Pain: Changing Perspectives and Protocols
|Course Name||Pain: Changing Perspectives and Protocols|
|Course Catagory||Nursing and General Healthcare|
Upon successful completion of this module, you will be able to:
- Define and discuss the term pain, including the different types of pain experienced by patients.
- Discuss the etiology of pain.
- Identify and discuss the various medications and protocols recommended today for the care of patients in pain.
- Identify and discuss the new standards issued by the JCAHO regarding the management of pain in a variety of settings.
- Compare the protocols and philosophies regarding pain management found in the U.S. and several other Western countries.
- Discuss the new approach to pain at the DEA
Course InformationHow to define “Pain” and how it should be “managed” is currently a very topical issue of interest among those in the healthcare profession all around the world.
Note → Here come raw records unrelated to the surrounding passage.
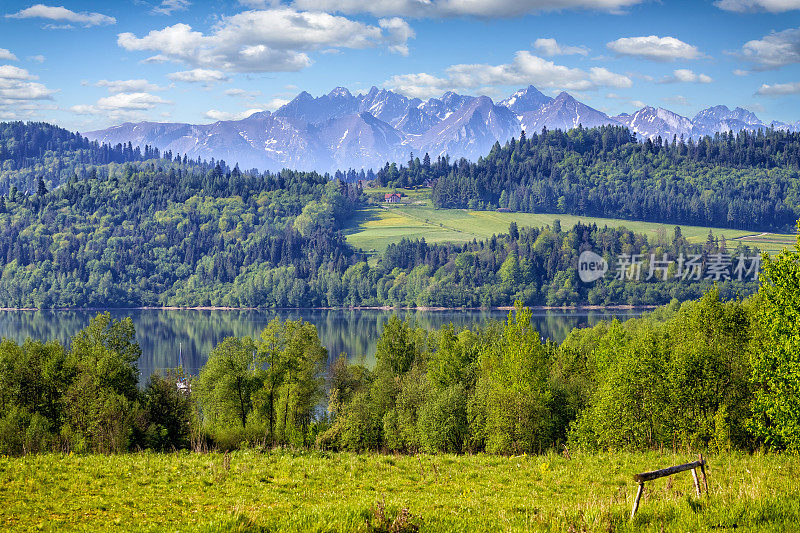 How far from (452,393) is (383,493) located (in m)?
32.0

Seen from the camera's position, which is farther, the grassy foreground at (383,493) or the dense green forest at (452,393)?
the dense green forest at (452,393)

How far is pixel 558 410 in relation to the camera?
160ft

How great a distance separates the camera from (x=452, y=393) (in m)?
50.3

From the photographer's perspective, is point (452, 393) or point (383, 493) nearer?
point (383, 493)

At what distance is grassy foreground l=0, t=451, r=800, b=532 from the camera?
1294 cm

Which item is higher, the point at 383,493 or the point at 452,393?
the point at 383,493

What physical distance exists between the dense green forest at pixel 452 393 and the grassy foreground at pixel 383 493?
8.39 m

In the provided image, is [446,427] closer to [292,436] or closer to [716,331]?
[292,436]

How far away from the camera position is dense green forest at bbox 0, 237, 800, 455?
3100 cm

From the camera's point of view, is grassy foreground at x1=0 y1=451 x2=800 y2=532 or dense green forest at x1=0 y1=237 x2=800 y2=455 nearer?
grassy foreground at x1=0 y1=451 x2=800 y2=532

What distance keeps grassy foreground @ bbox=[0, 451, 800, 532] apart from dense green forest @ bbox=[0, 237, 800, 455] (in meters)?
8.39

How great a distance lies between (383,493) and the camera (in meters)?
18.7

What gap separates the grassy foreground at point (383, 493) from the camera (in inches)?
509

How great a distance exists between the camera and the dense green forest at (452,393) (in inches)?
1220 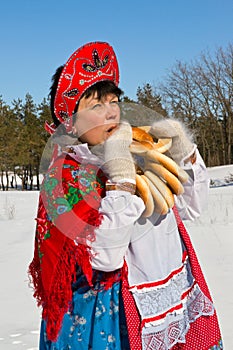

Patients in pain are now seen to have well-defined rights to receive adequate relief from their suffering. Both patients and care providers have been protesting the antiquated approaches to the care provided in relation to pain in recent years. Today, things are changing dramatically, and this Continuing Education Unit explores those changes, why they are happening, and how they may affect you.
In Chicago, Illinois, the Joint Commission on Accreditation of Healthcare Organizations (JCAHO) has announced new standards and requirements for the assessment of pain in accredited hospitals and other healthcare settings. The new standards are impacting hospitals, nursing homes, home healthcare agencies, behavioral health facilities and health plans.
This CEU provides you with updated information on a wide variety of pain-related issues, including: definitions, etiology, medications, protocols (current and proposed), government regulations at all levels, international standards, and provides you with an in-depth look at the newly developed standards from JCAHO.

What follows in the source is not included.